[Documented fix] Slow execution, Pytorch using GPU shared memory

Hi everyone!

I recently encountered slowdowns while training using my consumer-grade GPU (Nvidia GTX), and I wanted to document the root cause.

My GPU has 4GB of dedicated memory and 16GB of shared memory. When training, I would encounter an issue where training was fast at first and then would slow down massively. This wasn’t super obvious: it just felt like training was slow, and I didn’t know why.

The issue turned out to be that Pytorch doesn’t differentiate between GPU dedicated memory and GPU shared memory, but accessing shared GPU memory is, of course, much slower than accessing dedicated GPU memory. In a training loop, tensors end up first getting allocated in dedicated memory, then getting allocated in shared memory once the dedicated memory is full. When both dedicated and shared memory is full, Pytorch flushes its memory cache and the cycle starts over again.

My testing showed that when Pytorch is allocating tensors in shared memory, my training loop takes about 3x the time it takes when the tensors are allocated in dedicated memory (4.5s vs 1.5s).

A good way to prevent this is to tell NVIDIA to restrict Pytorch to only use dedicated GPU memory.

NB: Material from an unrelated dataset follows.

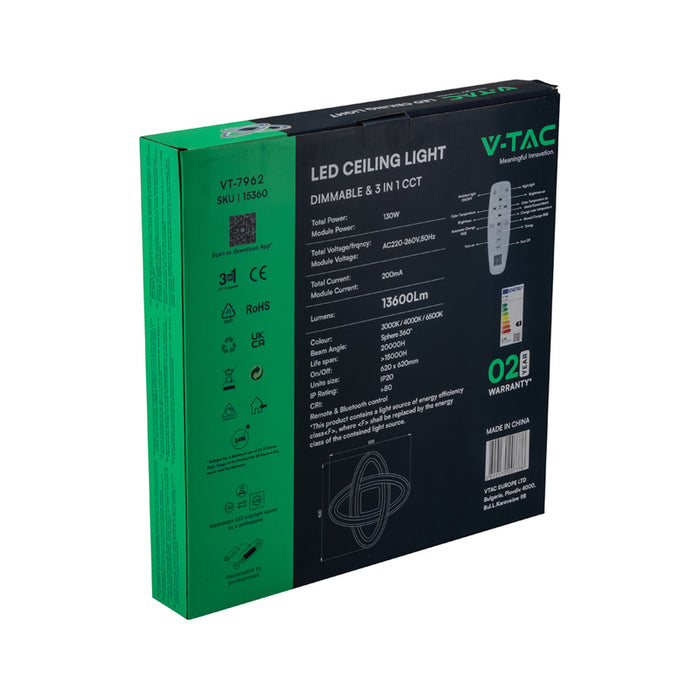 LED ПЛАФОН 130W 3000-6500K 50CM ДИМИРУЕМ V-TAC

On Windows, there are two ways to do this:

  1. Make it so that all programs can’t access shared memory. To do this, open NVIDIA Control Panel, go to Manage 3D settings, and on the Global Settings tab, change CUDA - Sysmen Fallback Policy from Driver Default to Prefer No Sysmem Fallback, and click the Apply button when it appears, several seconds later.
  2. Make it so that only Python can’t access shared memory. To do this, open NVIDIA Control Panel, go to Manage 3D settings, click the Program Settings tab, click Add, add Python3.exe (or Python.exe?), and then follow the same instructions as above. NVIDIA also has a nice support article with how to do this, including screenshots: System Memory Fallback for Stable Diffusion | NVIDIA

The steps should be similar on Linux. See How to Install and Use the NVIDIA Control Panel on Linux for launching the Nvidia Control Panel on Linux

After enabling this setting, your training should be restricted to using only your GPU’s dedicated memory!

I hope this helps someone :slight_smile:

My guess is that server-grade GPUs don’t have GPU shared memory, so this probably only affects consumer-grade GPUs. Even so,I think it might be useful to document this somewhere in the official documentation.

Or, ideally, Pytorch would be able to tell the difference between dedicated GPU memory and shared GPU memory and would flush the cache whenever allocating a tensor would result in it being allocated in shared memory! :slight_smile:

I assume you mean system memory for offloading. If so then note that PyTorch does not trigger this behavior and it’s caused by the Windows driver as a “feature”.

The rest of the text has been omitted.